Rewind to the same stage of the 2013/14 campaign and the north German giants were hovering precariously in 16th place with just 27 points on the board. They even lost their last three games of the season before clinging to their top-flight status via the play-offs. HSV’s situation is only marginally better this time around, with a 2-1 victory over 1. FSV Mainz 05 on Matchday 31 increasing their tally to 31 points and lifting them to .
Survival remains the primary objective, but the main difference this year is that a wave of optimism is currently coursing through the club as they prepare for their final three games of the season. Bruno Labbadia was appointed head coach just three weeks ago and he has already swept away the negativity that had become entrenched after the team picked up a solitary point from the six matches prior to his arrival.
Almost immediate impact
Hamburg lost 1-0 away to SV Werder Bremen in Labbadia’s first game back at the helm – he was HSV coach in 2009/10 too – but beat FC Augsburg 3-2 in their next encounter and followed that up with the win in Mainz. “It was an intensive game, as we expected it to be,” said the 49-year-old afterwards. “We started well but our final ball wasn’t good enough and then in the second half we allowed ourselves to be pinned too far back into our own half. But then we fought back. We regained our belief with last week’s win and we’ve strengthened that feeling today.”
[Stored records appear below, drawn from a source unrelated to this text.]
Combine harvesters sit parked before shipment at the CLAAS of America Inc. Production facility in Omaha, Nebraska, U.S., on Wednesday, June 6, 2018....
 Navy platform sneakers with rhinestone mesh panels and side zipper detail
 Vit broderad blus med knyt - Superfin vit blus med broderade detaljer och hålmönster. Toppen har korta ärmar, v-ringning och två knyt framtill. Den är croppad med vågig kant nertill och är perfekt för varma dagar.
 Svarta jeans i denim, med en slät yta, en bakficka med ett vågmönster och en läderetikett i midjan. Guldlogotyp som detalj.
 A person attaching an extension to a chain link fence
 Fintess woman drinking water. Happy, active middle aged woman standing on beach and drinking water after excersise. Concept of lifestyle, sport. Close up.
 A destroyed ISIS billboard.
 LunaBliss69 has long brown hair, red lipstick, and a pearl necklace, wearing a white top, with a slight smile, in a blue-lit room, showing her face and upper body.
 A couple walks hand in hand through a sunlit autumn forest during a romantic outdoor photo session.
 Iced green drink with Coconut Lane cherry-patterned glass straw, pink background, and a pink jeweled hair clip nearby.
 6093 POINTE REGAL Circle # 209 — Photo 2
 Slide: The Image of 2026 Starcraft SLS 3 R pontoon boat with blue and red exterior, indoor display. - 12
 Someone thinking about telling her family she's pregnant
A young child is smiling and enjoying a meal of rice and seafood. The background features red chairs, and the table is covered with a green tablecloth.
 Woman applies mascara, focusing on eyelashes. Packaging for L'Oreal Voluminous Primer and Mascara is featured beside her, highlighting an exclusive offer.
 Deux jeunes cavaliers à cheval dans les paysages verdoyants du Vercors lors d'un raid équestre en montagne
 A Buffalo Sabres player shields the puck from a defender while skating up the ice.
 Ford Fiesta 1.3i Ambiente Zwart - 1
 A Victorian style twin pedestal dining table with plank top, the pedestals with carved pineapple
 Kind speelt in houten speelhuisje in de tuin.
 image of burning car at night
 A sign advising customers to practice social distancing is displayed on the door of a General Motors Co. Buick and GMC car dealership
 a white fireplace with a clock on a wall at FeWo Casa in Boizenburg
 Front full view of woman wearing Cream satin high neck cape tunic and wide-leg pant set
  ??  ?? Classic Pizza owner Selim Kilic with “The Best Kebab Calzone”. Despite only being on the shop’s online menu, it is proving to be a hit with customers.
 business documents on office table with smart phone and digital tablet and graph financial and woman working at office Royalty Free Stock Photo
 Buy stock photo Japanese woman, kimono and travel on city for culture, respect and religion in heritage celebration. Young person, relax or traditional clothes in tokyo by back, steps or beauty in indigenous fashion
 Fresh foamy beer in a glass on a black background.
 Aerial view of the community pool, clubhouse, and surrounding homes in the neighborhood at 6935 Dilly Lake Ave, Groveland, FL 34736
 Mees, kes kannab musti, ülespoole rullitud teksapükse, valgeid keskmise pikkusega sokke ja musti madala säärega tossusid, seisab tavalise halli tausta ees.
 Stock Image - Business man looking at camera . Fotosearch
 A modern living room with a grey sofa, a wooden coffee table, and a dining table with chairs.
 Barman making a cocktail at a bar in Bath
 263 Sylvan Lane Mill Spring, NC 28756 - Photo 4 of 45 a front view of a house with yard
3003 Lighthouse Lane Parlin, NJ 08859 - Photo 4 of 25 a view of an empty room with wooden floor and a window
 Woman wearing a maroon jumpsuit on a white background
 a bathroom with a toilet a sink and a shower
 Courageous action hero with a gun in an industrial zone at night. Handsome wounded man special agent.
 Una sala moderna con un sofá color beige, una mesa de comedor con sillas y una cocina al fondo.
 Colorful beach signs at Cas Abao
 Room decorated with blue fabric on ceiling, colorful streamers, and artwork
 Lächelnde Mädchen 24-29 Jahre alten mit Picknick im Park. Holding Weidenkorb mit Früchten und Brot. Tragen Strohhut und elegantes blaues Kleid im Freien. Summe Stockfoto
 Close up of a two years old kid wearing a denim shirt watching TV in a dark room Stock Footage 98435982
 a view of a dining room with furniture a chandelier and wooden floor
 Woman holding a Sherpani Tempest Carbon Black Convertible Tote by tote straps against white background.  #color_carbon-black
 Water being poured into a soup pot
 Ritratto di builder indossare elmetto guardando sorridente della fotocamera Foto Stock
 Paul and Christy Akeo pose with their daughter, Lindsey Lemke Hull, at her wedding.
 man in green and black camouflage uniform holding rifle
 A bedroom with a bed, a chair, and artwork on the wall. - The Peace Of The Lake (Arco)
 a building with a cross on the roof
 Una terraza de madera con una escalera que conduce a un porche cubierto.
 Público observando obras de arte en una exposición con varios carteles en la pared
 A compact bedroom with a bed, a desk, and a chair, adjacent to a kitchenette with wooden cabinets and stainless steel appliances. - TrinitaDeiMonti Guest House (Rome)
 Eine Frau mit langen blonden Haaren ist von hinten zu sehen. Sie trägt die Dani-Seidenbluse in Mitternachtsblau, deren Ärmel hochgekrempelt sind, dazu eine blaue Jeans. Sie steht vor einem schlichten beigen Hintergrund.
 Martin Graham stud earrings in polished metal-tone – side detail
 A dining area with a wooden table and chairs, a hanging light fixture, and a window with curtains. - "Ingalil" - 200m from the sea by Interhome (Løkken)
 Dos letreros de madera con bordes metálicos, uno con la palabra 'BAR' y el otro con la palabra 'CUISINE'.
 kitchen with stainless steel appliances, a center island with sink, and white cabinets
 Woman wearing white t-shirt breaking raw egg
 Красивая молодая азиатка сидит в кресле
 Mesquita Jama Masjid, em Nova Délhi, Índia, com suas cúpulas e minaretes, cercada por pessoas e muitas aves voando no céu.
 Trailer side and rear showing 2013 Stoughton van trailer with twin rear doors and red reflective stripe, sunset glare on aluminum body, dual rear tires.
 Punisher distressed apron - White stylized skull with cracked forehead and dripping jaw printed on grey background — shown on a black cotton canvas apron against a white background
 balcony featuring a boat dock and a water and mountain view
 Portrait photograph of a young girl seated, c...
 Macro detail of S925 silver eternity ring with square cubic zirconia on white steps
Crucially, self-confidence is starting to return to the players. “Suddenly we have the feeling out on the pitch that we’re going to win,” said centre-back Johan Djourou. Team-mate Rafael van der Vaart agreed: “We felt comfortable and really good out there - and it showed.” The statistics support their claims too: in their last two Bundesliga outings, Hamburg have scored almost a quarter of their total goals tally this season (five of 21) and earned almost 20 per cent of their overall points haul (six of 31).
And van der Vaart is in no doubt as to the reason for the upswing: “Bruno Labbadia is just a very good coach with lots of quality. It’s no coincidence that we’ve won our last two games.” Labbadia himself was keen to play down the euphoria, however: “We’ve taken the second step now – nothing more.”
He is right to preach caution, as Hamburg face two of the sides currently occupying the four places below them in the standings before the season is out. On Matchday 33 they travel to bottom-of-the-table VfB Stuttgart, but before then the port-city outfit host 16th-placed SC Freiburg on Friday in what defender Heiko Westermann labelled “our next final”.
And while Hamburg have risen to the challenge of avoiding the drop recently, Freiburg have crumbled. This will be the south-western club’s third successive ‘six-pointer’ against a direct relegation rival, but they come into the game having taken just one of the points available following a 2-2 draw with Stuttgart and a 2-1 reverse at home to SC Paderborn at the weekend.
Freiburg have fared well in recent meetings and are undefeated in their last four visits to the Imtech Arena, winning three and drawing one, but history is firmly on Hamburg’s side. As the Bundesliga’s only ever-present club, they proudly display a giant clock in their stadium marking the years, days, hours and even seconds they have been in the top flight.
Whatever the outcome of Friday’s encounter there will certainly be plenty of twists to come in the relegation battle, but with Labbadia in charge, the clock looks set to keep on ticking for another season yet in Hamburg.